Selain itu, guru tak berani memiliki visi dalam pembelajarannya. Sebab, waktu yang tak tentu dalam kepemimpinan, jangan-jangan ada pemikiran baru yang datang tiba-tiba karena gaya dan orientasi kepala sekolah baru berbeda dengan yang lama.
Sekadar contoh, ada kepala sekolah yang menekankan terhadap partisipasi lomba-lomba yang diadakan oleh lembaga mana pun. Tapi, ada juga kepala sekolah yang hanya menekankan terhadap partisipasi lomba-lomba yang diadakan lembaga tertentu.
Itu hanya contoh dalam hal tertentu. Masih mungkin ada perbedaan pemikiran dalam hal yang lain. Hal-hal seperti itu, yang diakui atau tidak, sangat memengaruhi pemikiran ke depan guru. Kondisi seperti itu tak memantapkan guru dalam melahirkan gagasan.
Satu lagi, guru tak memiliki figur teladan yang pasti. Karena sewaktu-waktu kepala sekolah berubah. Pada saat tertentu, ia memiliki figur pemimpin yang tegas dan tangkas.
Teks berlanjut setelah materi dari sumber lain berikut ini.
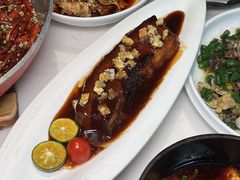 -柴门饭儿(成都太古里店)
Pada saat tertentu karena ada pergantian kepala sekolah, ia memiliki figur pemimpin yang kurang tegas dan kalem.
Padahal, figur teladan yang tetap akan dapat mewarnai kinerja guru. Kalau kepala sekolah sebentar-sebentar ganti, guru tak memiliki "warna" yang tegas. Tapi, sebaliknya, berubah-ubah "warna" dan hal itu sangat melemahkan kinerja guru.
Dampak bagi sekolah
Selain berdampak terhadap guru, sudah pasti berulang-ulangnya kepemimpinan jabatan plt. di sekolah berdampak terhadap sekolah sendiri. Sekolah tak memiliki kemantapan. Sikap sekolah selalu dalam keadaan mudah goyah. Tak kuat dan (tak) kukuh dalam menjalankan kebijakan.
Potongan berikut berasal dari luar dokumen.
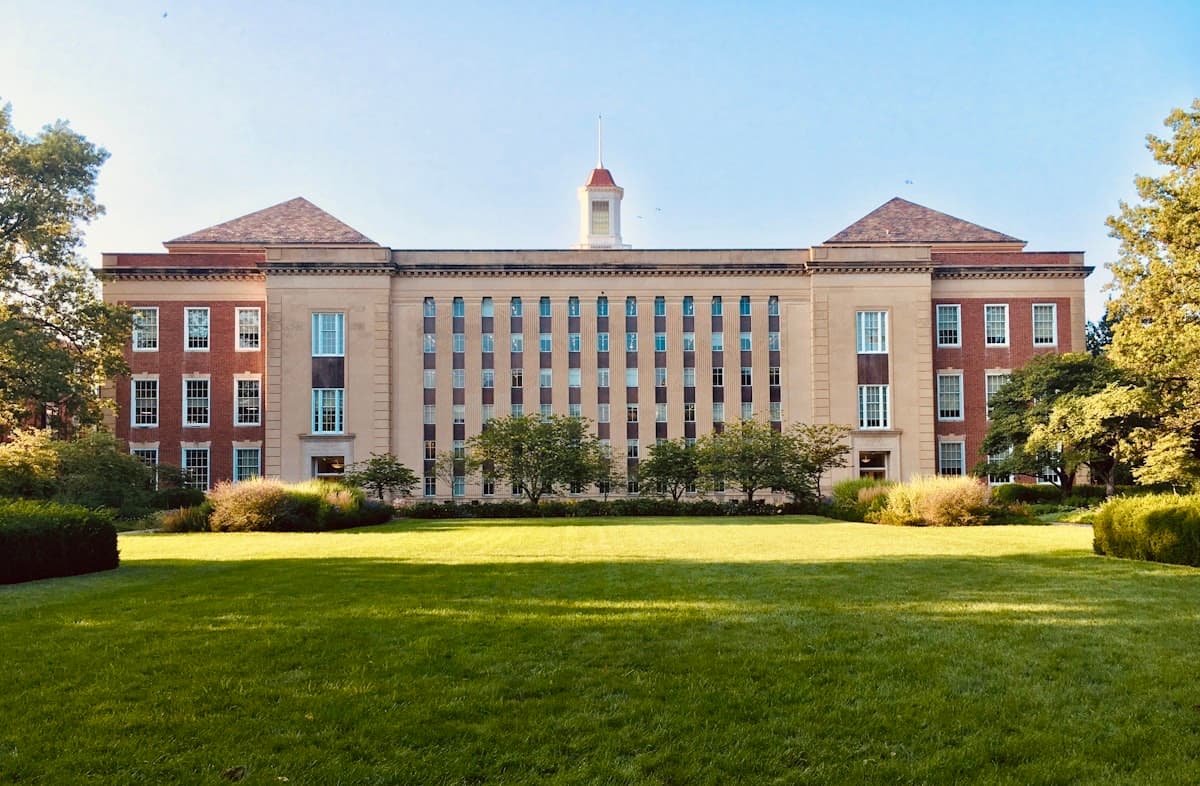 My Top 10 Recommended Schools for International Students (Part 1)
Kondisi seperti itu akan membawa sekolah ke tahap yang lebih buruk. Sehingga, sekolah akan jauh dari pencapaian yang baik. Sekolah akhirnya tak memiliki prestasi.
Akibat berikutnya, sekolah mungkin saja tak diunggulkan lagi oleh masyarakat. Dengan begitu, bukan lagi menjadi sekolah pilihan. Kasihan sekolah yang demikian.
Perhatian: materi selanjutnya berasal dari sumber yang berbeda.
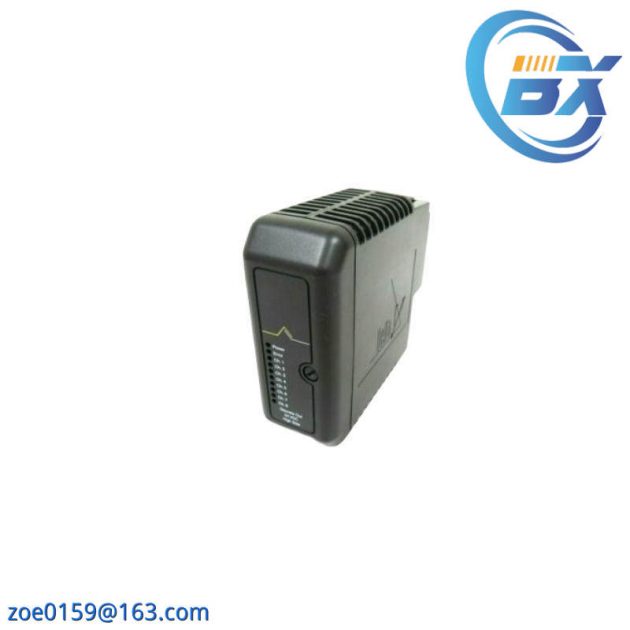 FISHER-ROSEMOUNT KJ3001X1-BJ1 High-Side Module for DeltaV System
Sekolah seharusnya tak berulang-ulang dipimpin  oleh plt. kepala sekolah. Idealnya, sekali dipimpin oleh plt. tak dipimpin plt. lagi, apalagi orang yang berbeda. Tapi, dipimpin oleh kepala sekolah definitif. Â
Akhirnya, semoga sekolah-sekolah yang hingga kini masih dipimpin oleh plt. kepala sekolah, segera dipimpin oleh kepala sekolah definitif.